►

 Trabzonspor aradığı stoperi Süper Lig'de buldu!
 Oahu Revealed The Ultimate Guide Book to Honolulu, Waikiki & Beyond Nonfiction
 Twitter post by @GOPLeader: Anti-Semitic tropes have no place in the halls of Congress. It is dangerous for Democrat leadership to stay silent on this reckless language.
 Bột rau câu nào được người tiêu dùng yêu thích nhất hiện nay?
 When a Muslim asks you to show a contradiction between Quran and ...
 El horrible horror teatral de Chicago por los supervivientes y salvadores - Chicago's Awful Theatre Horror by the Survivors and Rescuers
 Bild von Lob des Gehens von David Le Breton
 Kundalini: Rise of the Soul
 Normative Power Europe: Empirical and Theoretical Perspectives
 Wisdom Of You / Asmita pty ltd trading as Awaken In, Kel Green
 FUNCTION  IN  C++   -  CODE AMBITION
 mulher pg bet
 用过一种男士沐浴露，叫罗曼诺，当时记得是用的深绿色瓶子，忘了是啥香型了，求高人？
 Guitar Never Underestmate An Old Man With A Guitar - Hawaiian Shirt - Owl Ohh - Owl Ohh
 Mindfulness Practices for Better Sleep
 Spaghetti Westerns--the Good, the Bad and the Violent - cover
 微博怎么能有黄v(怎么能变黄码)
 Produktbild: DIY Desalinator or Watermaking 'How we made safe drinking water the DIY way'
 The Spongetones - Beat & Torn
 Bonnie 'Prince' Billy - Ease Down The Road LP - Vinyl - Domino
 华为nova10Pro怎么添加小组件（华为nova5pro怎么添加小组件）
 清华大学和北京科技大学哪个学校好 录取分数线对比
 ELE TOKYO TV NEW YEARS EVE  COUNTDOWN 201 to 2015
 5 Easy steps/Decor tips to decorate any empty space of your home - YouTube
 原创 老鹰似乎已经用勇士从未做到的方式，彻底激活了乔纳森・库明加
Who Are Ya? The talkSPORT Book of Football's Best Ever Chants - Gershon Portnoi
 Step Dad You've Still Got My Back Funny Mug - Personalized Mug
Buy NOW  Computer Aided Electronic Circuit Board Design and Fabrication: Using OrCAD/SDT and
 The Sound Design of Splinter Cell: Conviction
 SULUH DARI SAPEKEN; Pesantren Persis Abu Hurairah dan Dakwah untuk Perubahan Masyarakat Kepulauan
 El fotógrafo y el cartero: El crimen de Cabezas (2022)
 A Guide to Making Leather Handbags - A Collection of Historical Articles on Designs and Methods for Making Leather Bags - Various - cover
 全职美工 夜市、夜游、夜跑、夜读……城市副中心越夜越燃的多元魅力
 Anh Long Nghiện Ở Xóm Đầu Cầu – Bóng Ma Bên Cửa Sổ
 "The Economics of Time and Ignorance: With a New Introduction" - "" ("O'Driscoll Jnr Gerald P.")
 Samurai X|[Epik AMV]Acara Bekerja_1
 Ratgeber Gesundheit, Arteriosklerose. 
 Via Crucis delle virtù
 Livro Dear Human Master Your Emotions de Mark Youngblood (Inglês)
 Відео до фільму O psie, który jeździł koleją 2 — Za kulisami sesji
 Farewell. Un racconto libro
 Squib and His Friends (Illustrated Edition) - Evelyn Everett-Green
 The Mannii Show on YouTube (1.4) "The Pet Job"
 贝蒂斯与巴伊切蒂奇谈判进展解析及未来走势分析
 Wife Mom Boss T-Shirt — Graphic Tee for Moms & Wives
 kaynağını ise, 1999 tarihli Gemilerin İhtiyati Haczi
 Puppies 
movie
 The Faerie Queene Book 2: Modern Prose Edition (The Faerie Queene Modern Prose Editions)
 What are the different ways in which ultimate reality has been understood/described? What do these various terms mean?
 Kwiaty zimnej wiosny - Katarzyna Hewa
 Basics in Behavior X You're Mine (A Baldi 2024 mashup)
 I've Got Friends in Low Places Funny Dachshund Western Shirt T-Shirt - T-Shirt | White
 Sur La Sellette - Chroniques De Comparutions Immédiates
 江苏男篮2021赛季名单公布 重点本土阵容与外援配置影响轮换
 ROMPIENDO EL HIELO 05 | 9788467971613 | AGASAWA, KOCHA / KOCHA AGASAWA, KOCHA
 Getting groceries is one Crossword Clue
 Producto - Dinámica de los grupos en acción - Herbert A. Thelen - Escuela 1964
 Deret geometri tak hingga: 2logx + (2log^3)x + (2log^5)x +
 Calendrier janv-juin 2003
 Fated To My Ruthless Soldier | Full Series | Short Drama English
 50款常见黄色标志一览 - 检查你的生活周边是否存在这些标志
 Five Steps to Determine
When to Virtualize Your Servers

◄

● **TO DO**: Give back, exactly as written, the stretch from the line with "用过一种男士沐浴露，叫罗曼诺" through the line with "Kwiaty zimnej wiosny - Katarzyna Hewa", and no other lines from the records above.

● **RESPONSE AREA**:
 用过一种男士沐浴露，叫罗曼诺，当时记得是用的深绿色瓶子，忘了是啥香型了，求高人？
 Guitar Never Underestmate An Old Man With A Guitar - Hawaiian Shirt - Owl Ohh - Owl Ohh
 Mindfulness Practices for Better Sleep
 Spaghetti Westerns--the Good, the Bad and the Violent - cover
 微博怎么能有黄v(怎么能变黄码)
 Produktbild: DIY Desalinator or Watermaking 'How we made safe drinking water the DIY way'
 The Spongetones - Beat & Torn
 Bonnie 'Prince' Billy - Ease Down The Road LP - Vinyl - Domino
 华为nova10Pro怎么添加小组件（华为nova5pro怎么添加小组件）
 清华大学和北京科技大学哪个学校好 录取分数线对比
 ELE TOKYO TV NEW YEARS EVE  COUNTDOWN 201 to 2015
 5 Easy steps/Decor tips to decorate any empty space of your home - YouTube
 原创 老鹰似乎已经用勇士从未做到的方式，彻底激活了乔纳森・库明加
Who Are Ya? The talkSPORT Book of Football's Best Ever Chants - Gershon Portnoi
 Step Dad You've Still Got My Back Funny Mug - Personalized Mug
Buy NOW  Computer Aided Electronic Circuit Board Design and Fabrication: Using OrCAD/SDT and
 The Sound Design of Splinter Cell: Conviction
 SULUH DARI SAPEKEN; Pesantren Persis Abu Hurairah dan Dakwah untuk Perubahan Masyarakat Kepulauan
 El fotógrafo y el cartero: El crimen de Cabezas (2022)
 A Guide to Making Leather Handbags - A Collection of Historical Articles on Designs and Methods for Making Leather Bags - Various - cover
 全职美工 夜市、夜游、夜跑、夜读……城市副中心越夜越燃的多元魅力
 Anh Long Nghiện Ở Xóm Đầu Cầu – Bóng Ma Bên Cửa Sổ
 "The Economics of Time and Ignorance: With a New Introduction" - "" ("O'Driscoll Jnr Gerald P.")
 Samurai X|[Epik AMV]Acara Bekerja_1
 Ratgeber Gesundheit, Arteriosklerose. 
 Via Crucis delle virtù
 Livro Dear Human Master Your Emotions de Mark Youngblood (Inglês)
 Відео до фільму O psie, który jeździł koleją 2 — Za kulisami sesji
 Farewell. Un racconto libro
 Squib and His Friends (Illustrated Edition) - Evelyn Everett-Green
 The Mannii Show on YouTube (1.4) "The Pet Job"
 贝蒂斯与巴伊切蒂奇谈判进展解析及未来走势分析
 Wife Mom Boss T-Shirt — Graphic Tee for Moms & Wives
 kaynağını ise, 1999 tarihli Gemilerin İhtiyati Haczi
 Puppies 
movie
 The Faerie Queene Book 2: Modern Prose Edition (The Faerie Queene Modern Prose Editions)
 What are the different ways in which ultimate reality has been understood/described? What do these various terms mean?
 Kwiaty zimnej wiosny - Katarzyna Hewa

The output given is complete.